Review Your Credit Report
Before you start applying for a car loan, check out your credit report and make sure all your accounts are in order. It is not uncommon after a bankruptcy to see open accounts that should be closed, which hurt your credit rating.
While looking at your credit report, consider adding a page explaining the situation that resulted in your bankruptcy. If there were extenuating circumstances, lenders may approve you for a better rate than under normal conditions.
Plan Your Car Purchase
Before purchasing a vehicle, decide what you can afford in a monthly car loan payment. This will help you decide which financing package is best for you. Both the loan amount and length of payments will determine your monthly payments, so there is flexibility in determining which vehicle you can afford to purchase.
Use A Car Loan Lender
Car loan lenders make their money by finding you a loan.
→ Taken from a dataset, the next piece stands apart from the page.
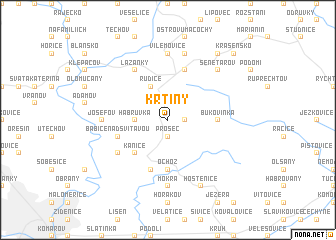 map of Křtiny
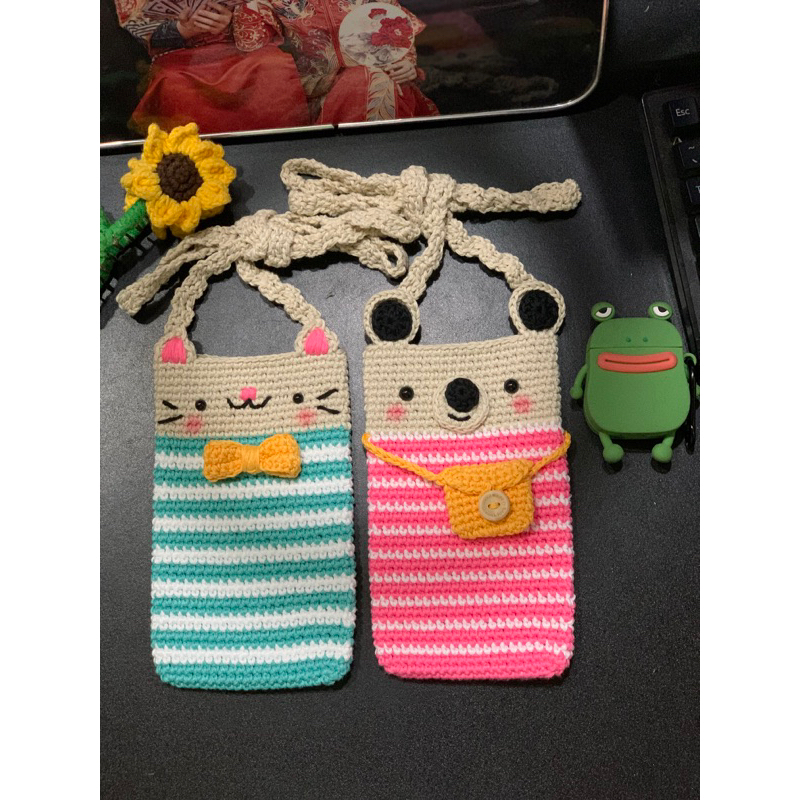 Túi đựng điện thoại bằng len Handmade nhiều mẫu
Car loan lenders work with several financing partners to back loans with all types of credit risk, including bankruptcies.
Online car loan lenders deal with thousands of loans, and can usually find you a better deal than your local car dealerships. Online car loan lenders will send you a check when you are approved, basically making you a pre-approved car loan buyer.
Explain Your Situation
Car loan applications will ask if you have ever declared bankruptcy and why. This is your chance to explain what led up to the situation and what steps you have taken to resolve your credit situation. Be sure to include improvements in your financial history too.
Once you are approved for a car loan, keep your eye on future refinancing. By making regular payments on all your bills, in a year’s time you could qualify for significantly lower interest rates. In three years, you can build your credit score to near excellent and qualify for even lower rates.